> **SUPPLIED MATERIAL**:
= Beginning of Section =
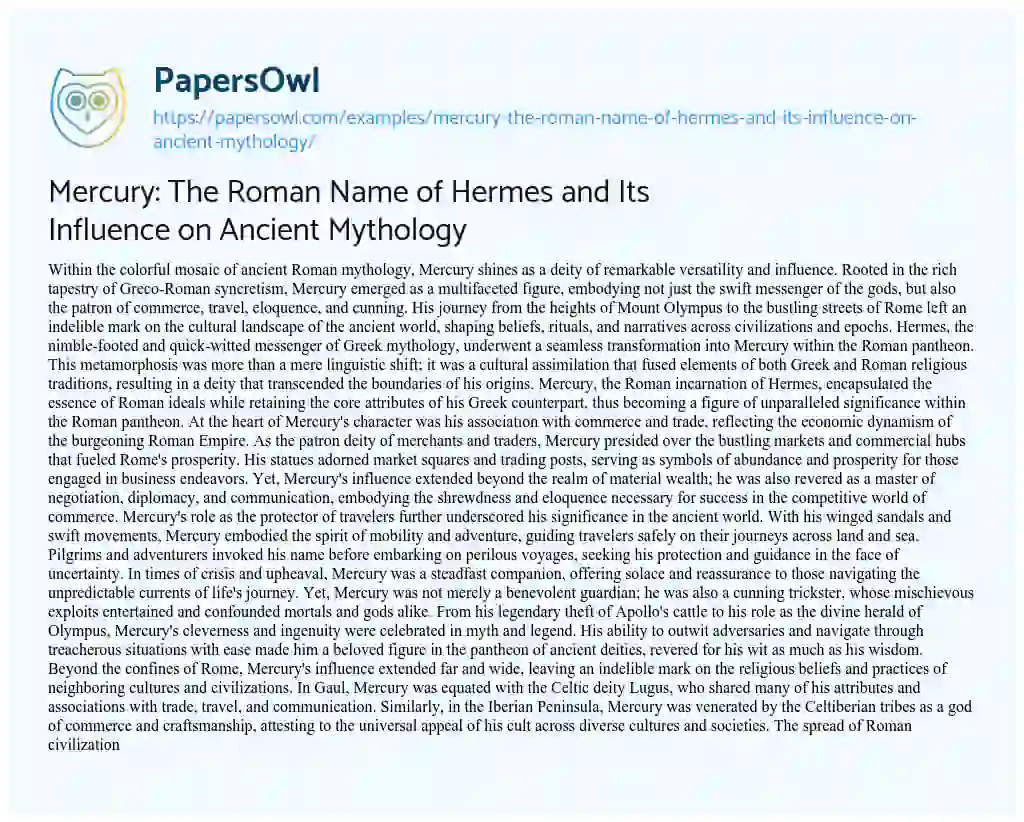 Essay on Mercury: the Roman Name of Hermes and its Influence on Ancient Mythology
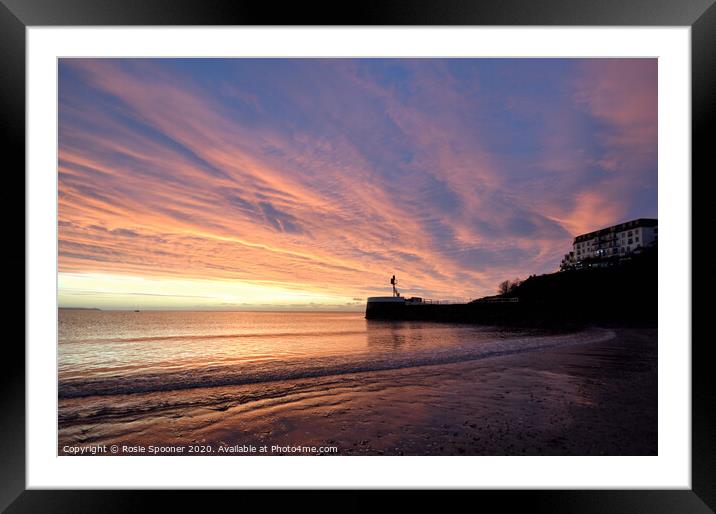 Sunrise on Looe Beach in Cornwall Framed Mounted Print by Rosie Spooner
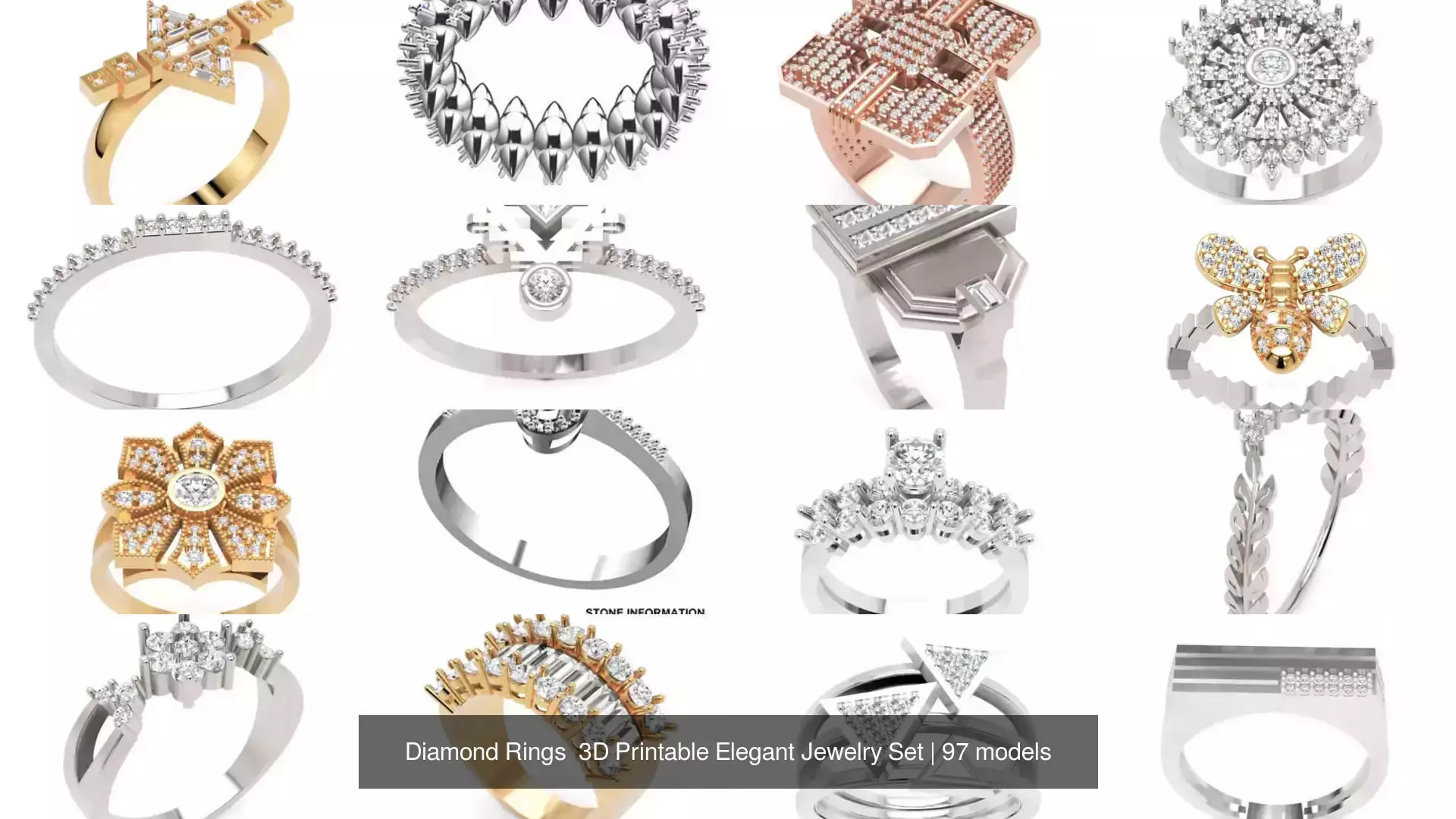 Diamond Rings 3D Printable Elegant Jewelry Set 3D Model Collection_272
= End of Section =
= Beginning of Section =
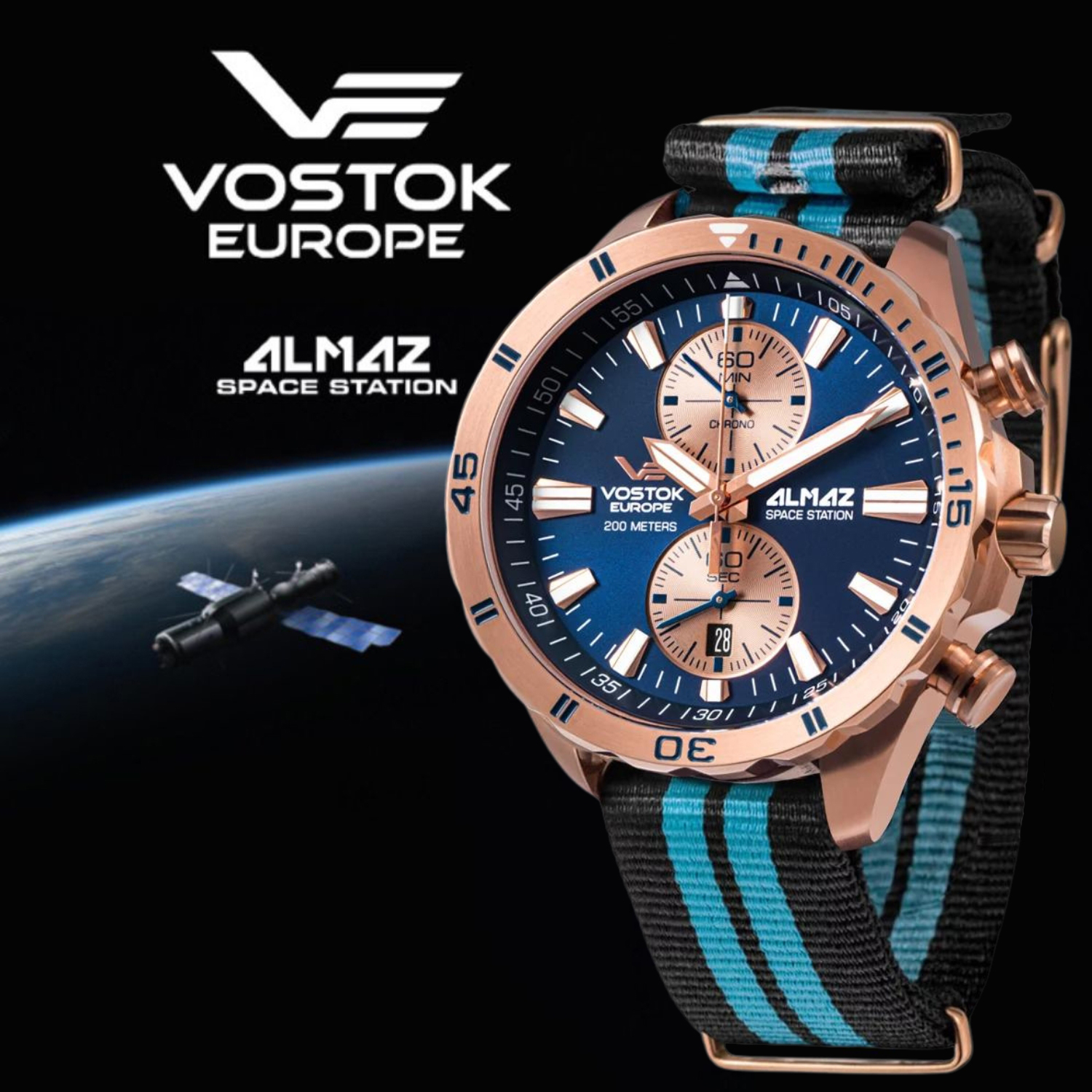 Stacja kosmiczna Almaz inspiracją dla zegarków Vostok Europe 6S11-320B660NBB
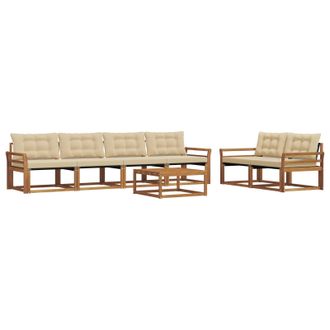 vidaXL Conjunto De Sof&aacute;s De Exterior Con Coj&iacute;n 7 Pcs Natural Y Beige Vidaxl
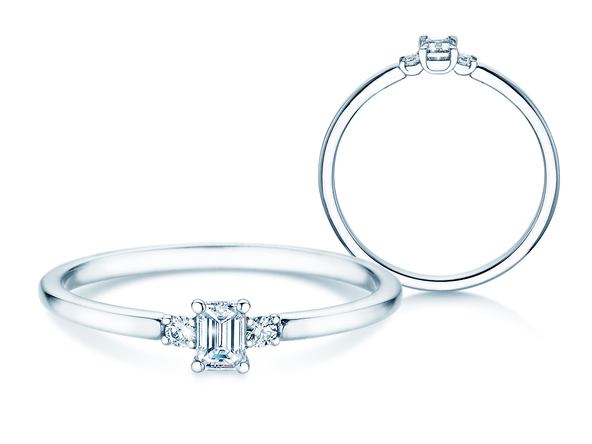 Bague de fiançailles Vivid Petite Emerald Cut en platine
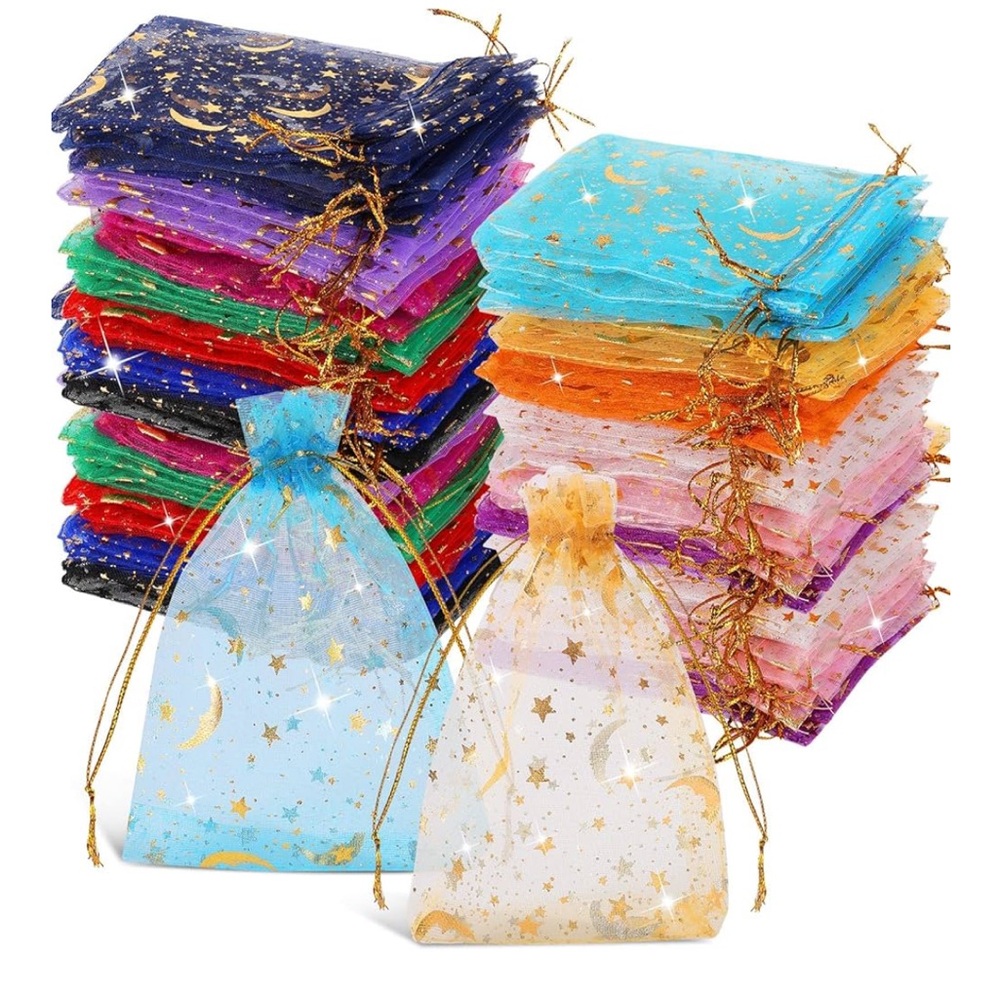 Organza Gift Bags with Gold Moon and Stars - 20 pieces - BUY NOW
= End of Section =
= Beginning of Section =
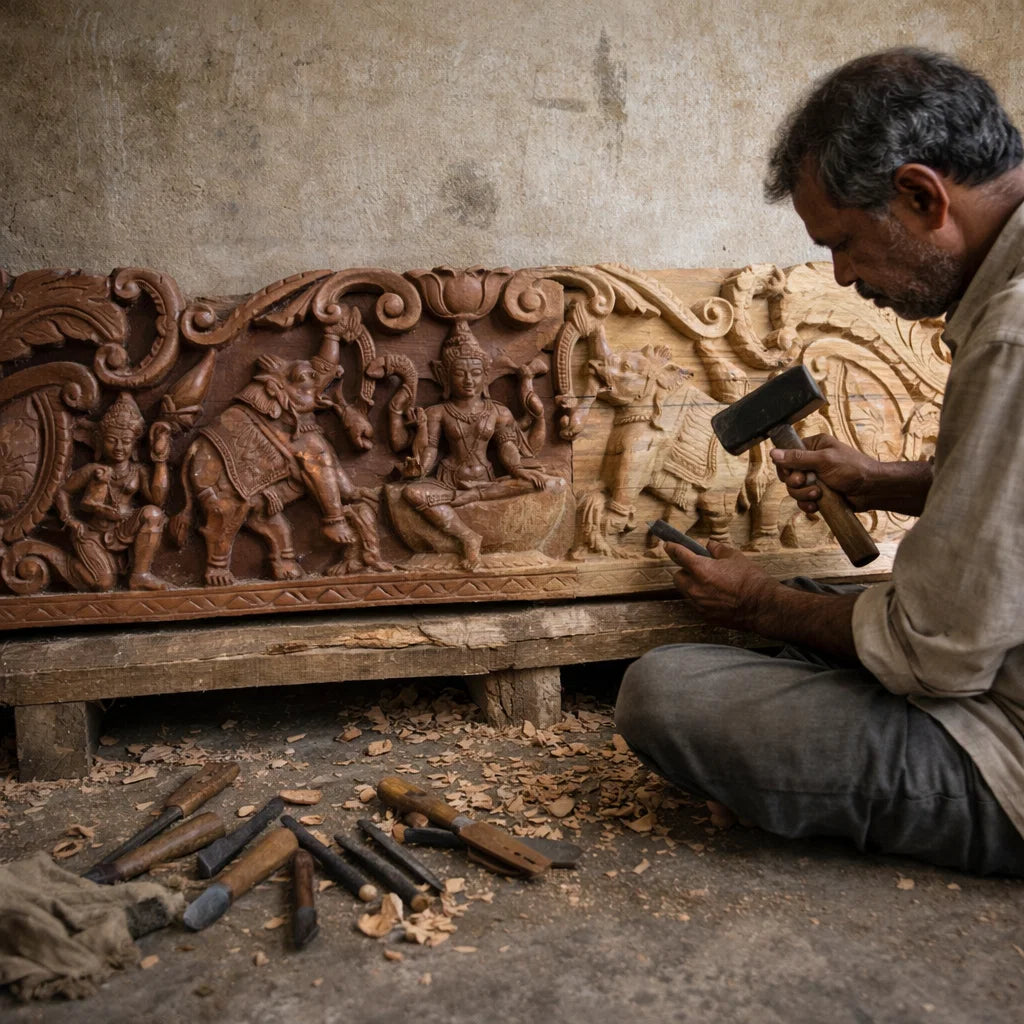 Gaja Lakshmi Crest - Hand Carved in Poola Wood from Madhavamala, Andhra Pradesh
= End of Section =
> **EXERCISE BRIEF**: Working from the entries above, please transcribe only the lines from the line with "Essay on Mercury: the" through the line with "Diamond Rings 3D", exactly, with both end lines and without pictures.

> **WRITTEN SOLUTION**:
 Essay on Mercury: the Roman Name of Hermes and its Influence on Ancient Mythology
 Sunrise on Looe Beach in Cornwall Framed Mounted Print by Rosie Spooner
 Diamond Rings 3D Printable Elegant Jewelry Set 3D Model Collection_272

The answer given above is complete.